§ **PROVIDED MATERIAL**:

*****

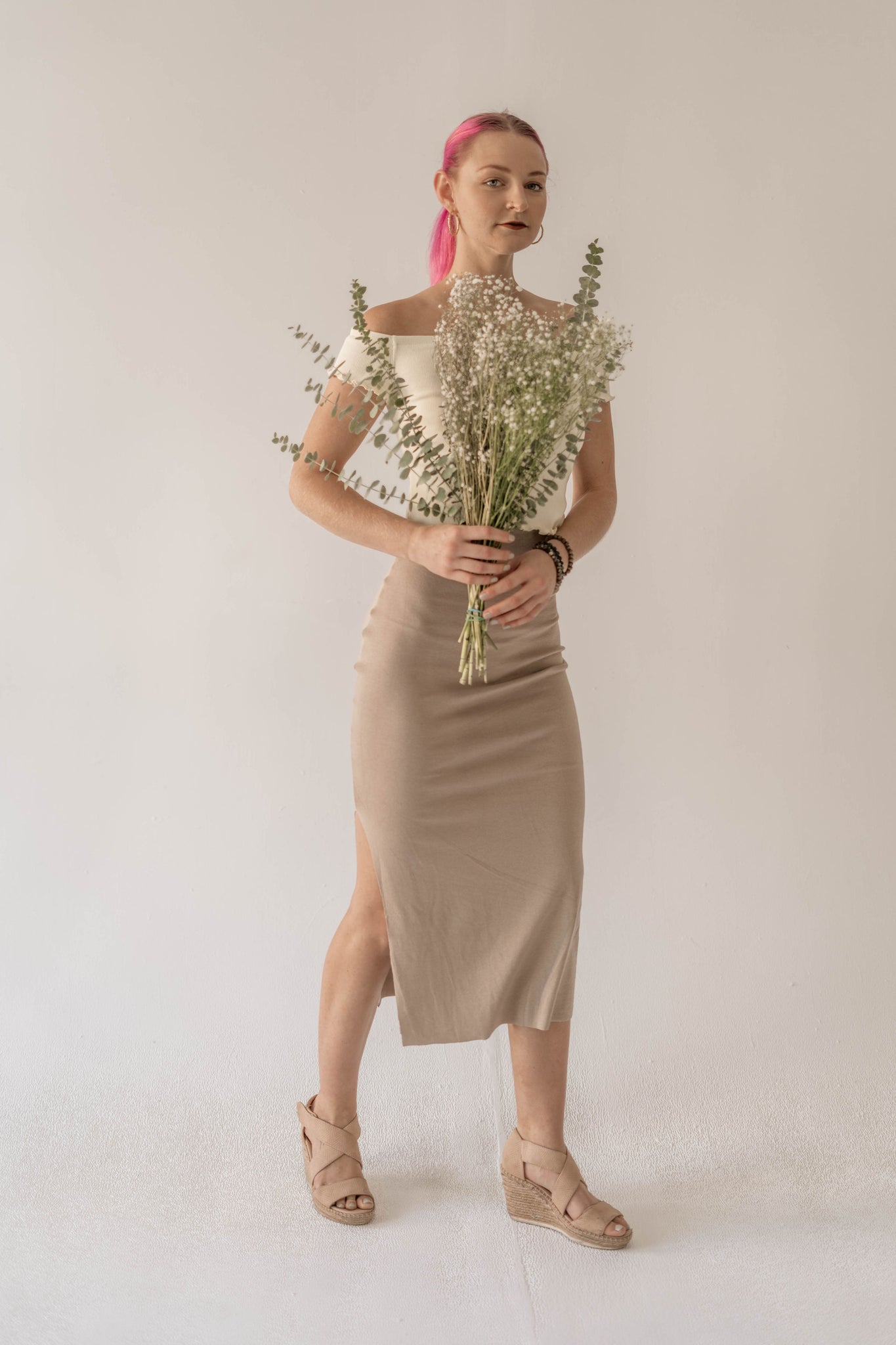woman wearing skirt holding flowers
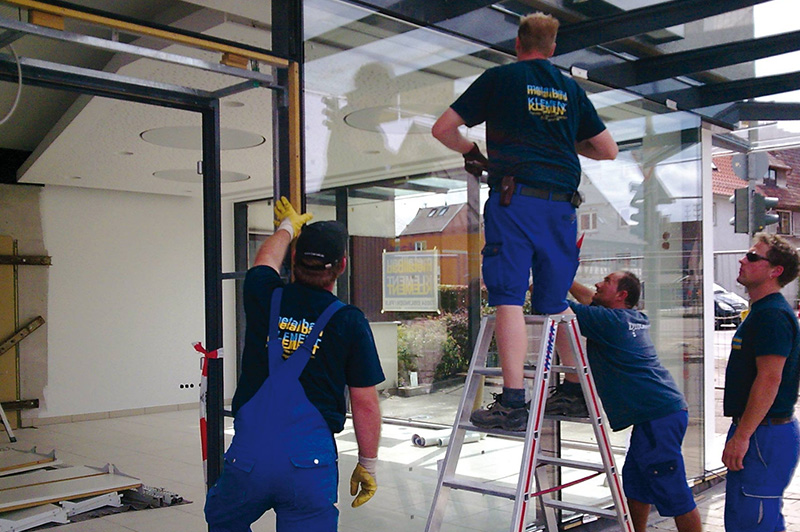 Das Montageteam von Metallbau Klement montieren eine Glasfassade an einem Laden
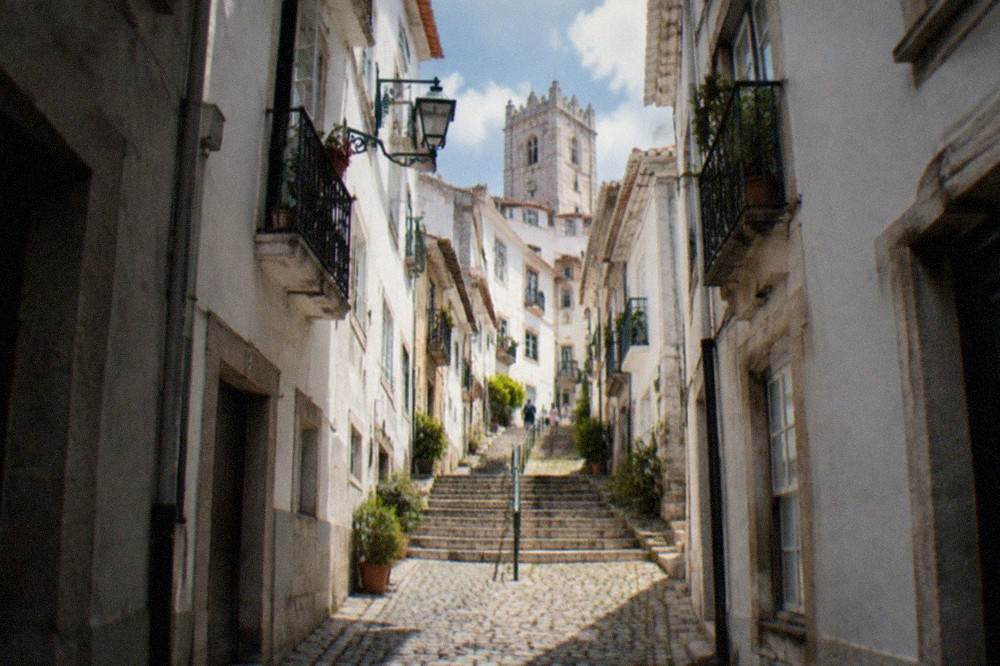 Narrow cobbled lane with old stone houses in the Alta upper town of Coimbra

*****

§ **TASK PROMPT**: Return, exactly and without extra lines, everything from the line with "Das Montageteam von" through the last line of the material above, both included. Pictures must be dropped.

§ **RESPONSE TO THE EXERCISE**:
 Das Montageteam von Metallbau Klement montieren eine Glasfassade an einem Laden
 Narrow cobbled lane with old stone houses in the Alta upper town of Coimbra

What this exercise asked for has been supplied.